Roughness Scaling of Deconstruction Interfaces

TL;DR

This paper investigates the scaling behavior of deconstructed surfaces with quenched disorder through numerical simulations, revealing a new universality class of interface roughness near the depinning transition.

Contribution

It introduces a disaggregation model accounting for bulk irregularities, showing that the resulting interface exhibits self-affine scaling and belongs to a novel universality class.

Findings

Interfaces are self-affine with specific scaling exponents.

The model's universality class differs from known classes.

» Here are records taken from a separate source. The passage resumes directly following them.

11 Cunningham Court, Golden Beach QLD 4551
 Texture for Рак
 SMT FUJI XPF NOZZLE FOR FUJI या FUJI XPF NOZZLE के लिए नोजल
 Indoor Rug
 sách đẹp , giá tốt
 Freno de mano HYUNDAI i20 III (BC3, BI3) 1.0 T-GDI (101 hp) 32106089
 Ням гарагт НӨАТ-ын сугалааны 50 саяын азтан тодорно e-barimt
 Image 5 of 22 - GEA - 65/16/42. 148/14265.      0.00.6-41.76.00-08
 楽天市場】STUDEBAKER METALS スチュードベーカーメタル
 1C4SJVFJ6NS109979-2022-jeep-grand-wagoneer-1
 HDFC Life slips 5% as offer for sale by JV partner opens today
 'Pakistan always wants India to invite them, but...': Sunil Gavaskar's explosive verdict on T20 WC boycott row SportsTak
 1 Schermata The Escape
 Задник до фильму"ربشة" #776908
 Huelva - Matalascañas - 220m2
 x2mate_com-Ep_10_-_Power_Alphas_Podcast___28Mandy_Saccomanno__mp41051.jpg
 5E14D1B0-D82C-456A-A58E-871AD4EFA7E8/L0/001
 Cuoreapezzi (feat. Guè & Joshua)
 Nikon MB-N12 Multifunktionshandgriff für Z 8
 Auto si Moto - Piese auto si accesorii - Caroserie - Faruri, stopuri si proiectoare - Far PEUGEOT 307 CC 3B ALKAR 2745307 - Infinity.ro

Roughness exponents are reported near the depinning transition.

Abstract

The scaling properties of one-dimensional deconstructed surfaces are studied by numerical simulations of a disaggregation model. The model presented here for the disaggregation process takes into account the possibility of having quenched disorder in the bulk under deconstruction. The disorder can be considered to model several types of irregularities appearing in real materials (dislocations, impurities). The presence of irregularities makes the intensity of the attack to be not uniform. In order to include this effect, the computational bulk is considered to be composed by two types of particles. Those particles which can be easily detached and other particles that are not sensible to the etching attack. As the detachment of particles proceeds in time, the dynamical properties of the rough interface are studied. The resulting one-dimensional surface show self-affine properties and the values of the scaling exponents are reported when the interface is still moving near the depinning transition. According to the scaling exponents presented here, the model must be considered to belong to a new universality class.